Rational combination therapy with the current generation of imipridones
Much of solid tumour oncology care with systemic agents is delivered in combination with other regimens to target multiple vulnerabilities and/or pathways simultaneously and minimize the development of resistance, but this is a difficult prospect in CNS tumours, where survival is short and quality of life can be compromised by agents with otherwise low efficacy.

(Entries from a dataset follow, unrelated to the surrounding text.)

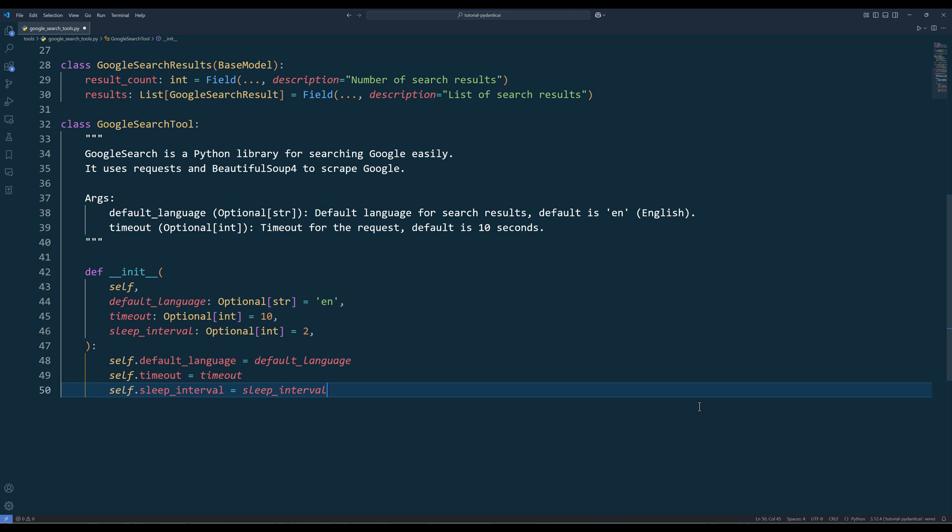Here I notice I forgot to add the docstring for the sleep interval parameter. The sleep interval parameter basically sets the delay between each request.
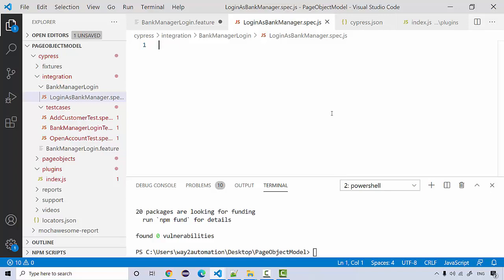The Gherkin steps written in the feature file need to be mapped to code, so that whenever a step is called it performs the corresponding tasks. We'll look at that integration in the next lecture, where we'll add step definitions, integrate page objects into those step definitions, and see how to execute them.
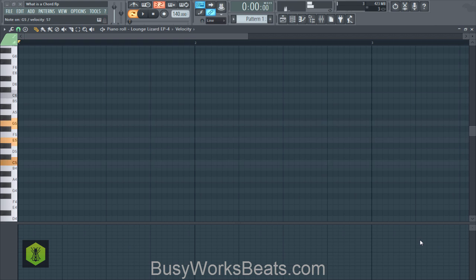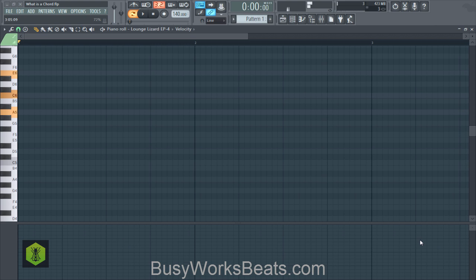Here's a quick example: I'm going to close my eyes and pick a random white key — I'm at A. Skip every other white note: skip B, go to C, skip D, go to E — and now we have the A minor chord. We have many systems on how to name and build chords. Go to busyworksbeats.com/musictheory to learn more. Thanks for watching — it's busyworksbeats.com.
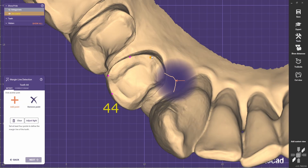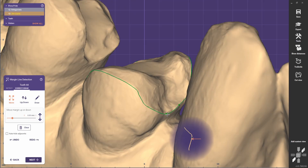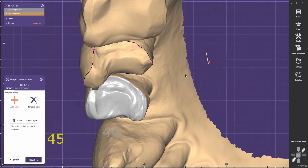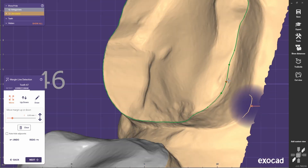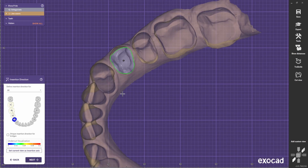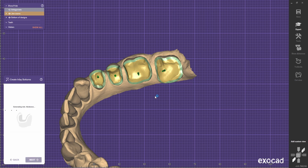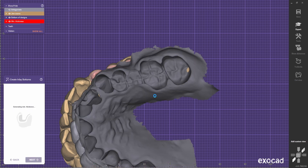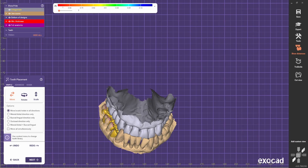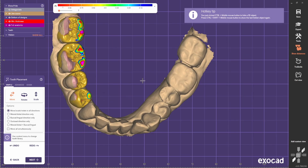For now I'll just set up the margins and I'll be back soon. All the margins are set. Now it's time to place the teeth. In this case we have a crossbite. On the other side we have an onlay there, so the anatomy is not very clear on these teeth. I think we're going to have some fun with this case.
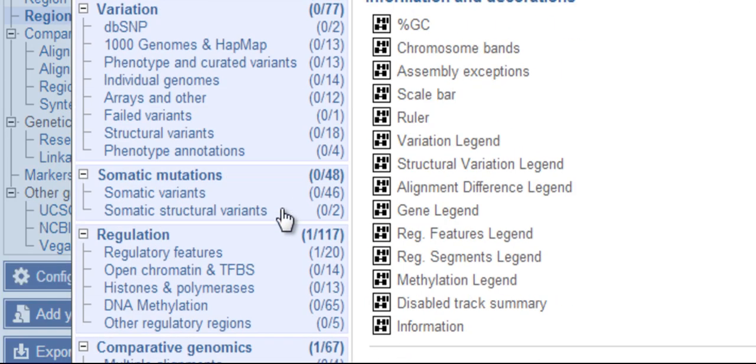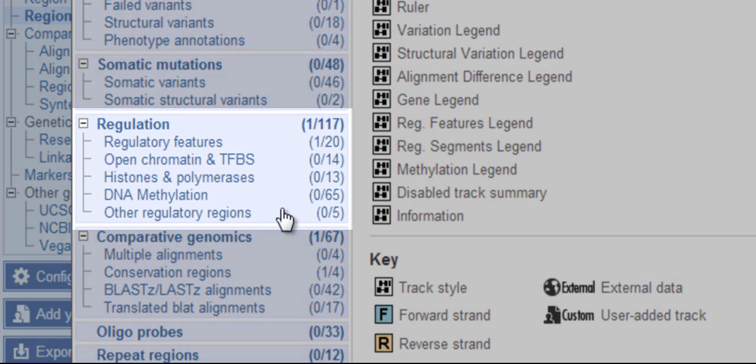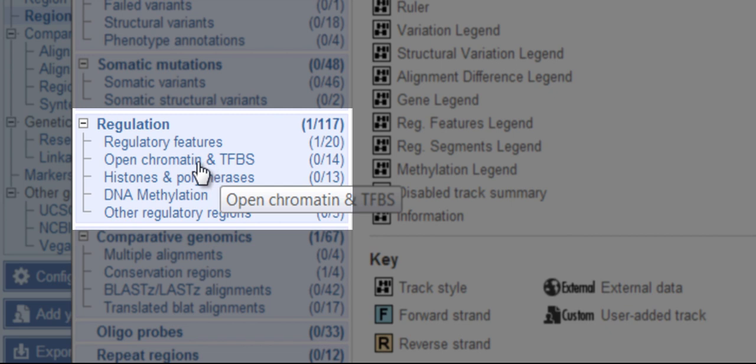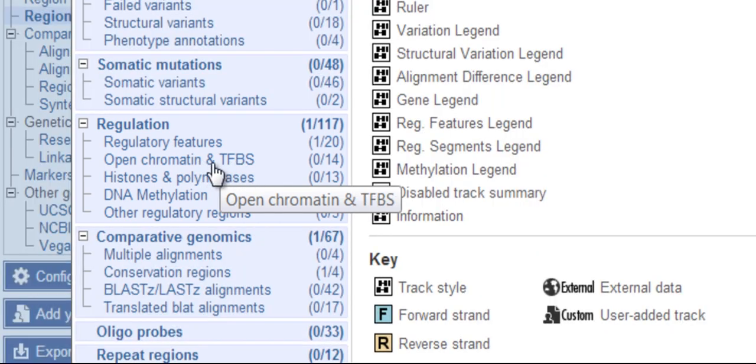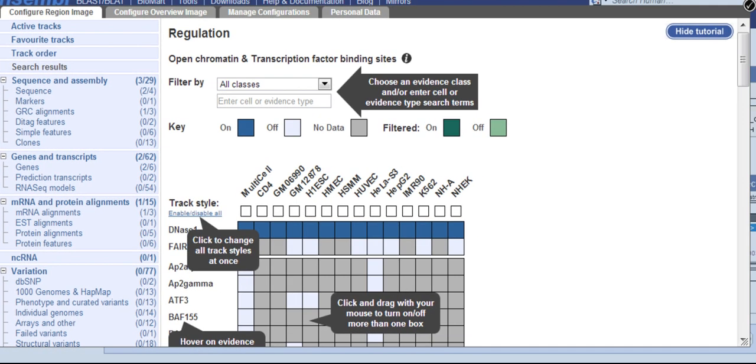Move down to the Regulations section. I'm going to click on Open Chromatin and TFBS for transcription factor binding sites. For now, I'll hide the tutorial.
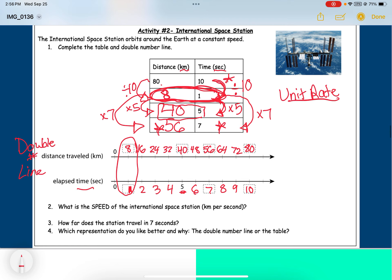Double number lines help us find equivalent ratios, and so do tables. One advantage of tables is you can skip the ratios in between — just find the unit rate and use it to find any equivalent ratio. There are pros and cons to both. The question asks for the speed of the ISS: anytime it says speed, we're looking for a unit rate — kilometers per second. At one second it goes eight kilometers, so its speed is eight kilometers per second.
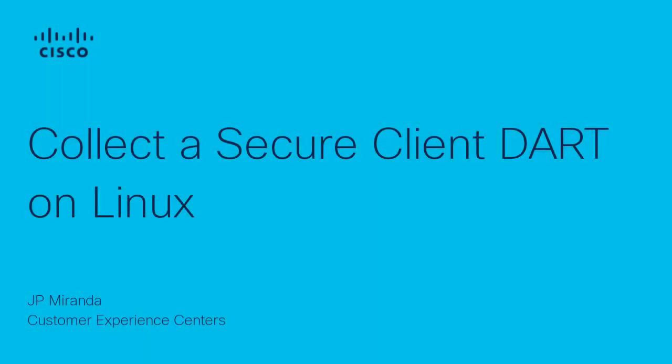Hi, I'm JP Miranda with the Security Escalation Leaders team of DAQ. This video shows you how to collect a Cisco Secure Client DART on Linux.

However, because dordaviprone is well-tolerated by patients and demonstrates minimal off-target toxicity, combination regimens may be more feasible.50 The lowest barrier for evaluation is adding dordaviprone to the current standard of care, radiation with temozolomide, indicated for high-grade gliomas, which has shown promise in GBM models.55 Co-targeting the mitogen-activated protein kinase (MAPK) and/or the phosphatidylinositol-3-kinase (PI3K)/AKT pathway is also being investigated, including adding a MEK inhibitor to dordaviprone as a dual therapy or in combination with AKT inhibition as a triple therapy.14,56 Others have considered combinations with epigenetic modifiers, given the outsized effects in histone-altered gliomas, including Enhancer of Zeste 1 (EZH1) and Histone Deacetylase (HDAC) inhibitors, and in vitro studies suggesting co-administration with epigenetic modifiers may have effects on the immune microenvironment, such as increasing M1-weighted macrophage and CD3+ and CD8+ T-cell populations.57,58 Finally, inhibition of glycolysis and/or glucose restriction might also exacerbate the ISR in combination with imipridone therapy.38 Finally, although imipridones are known to activate TRAIL without themselves being TRAIL ligands, the addition of TLY012 (a chemically modified TRAIL receptor agonist) to imipridone therapy in vitro and in patient-derived xenograft (PDX) models appears to amplify caspase cleavage and cell death.59
Optimizing next-generation imipridones and ClpP inhibitors
Imipridone derivatives ONC206 and ONC212 were synthesized in 2017 to improve upon dordaviprone.23 ONC206 is a structural analogue of dordaviprone with ten-fold greater potency and stronger inhibition of cellular migration, while showing similar mechanistic effects, such as increasing ClpP and decreasing anti-apoptotic markers.33,60 Other analogues are also in development, including IMP075, which shifts around the chemical moieties of ONC021 to achieve higher ClpP agonist potency, and XT6, which promotes formation of the human ClpP (hClpP) tetradecamer and further boosts ClpP-associated mitochondrial protein degradation.61,62 Consistently, there has been an appreciation that maintaining the core chemical structure of the imipridone is sufficient to maintain properties, while modifications can alter the potency.63,64
Other groups have modified the current imipridone structure while adding new functionality, and those in development include compounds modified by fluoridation, ferrocene-containing compounds, additions of alkyne- or triazole-linked warheads and [1,8]naphthyridinone scaffolding.16,65–67
Finally, more recent efforts have moved away entirely from imipridones to fashion inhibitors directly by screening for ClpP interaction and agonism and to create wholly new compounds. One example is compound 9, tested in breast cancer models, that disrupts mitochondrial electron transport chain activity more potently. Another are TR compounds, which are highly selective small-molecule activators of ClpP which, when tested in colorectal cancer (CRC) cell lines, arrested cell cycle activity at nanomolar concentrations and potently downregulated mitochondrial function, leading to mitophagy and ferroptosis.68,69
Conclusions
Imipridones started from a humble beginning, rescued from the dusty shelves of history by both demonstrating preclinical and clinical efficacy in a disease that previously had no available therapies and by leading to the discovery and characterization of under-appreciated or outright new mechanisms of anti-cancer therapy via DRD2 antagonism and ClpP agonism, respectively. The story is not over for imipridones, including their derivatives, modifications and followers, and the promise of effective anti-cancer therapies through both new and better-tolerated means remains tantalizingly close on the horizon.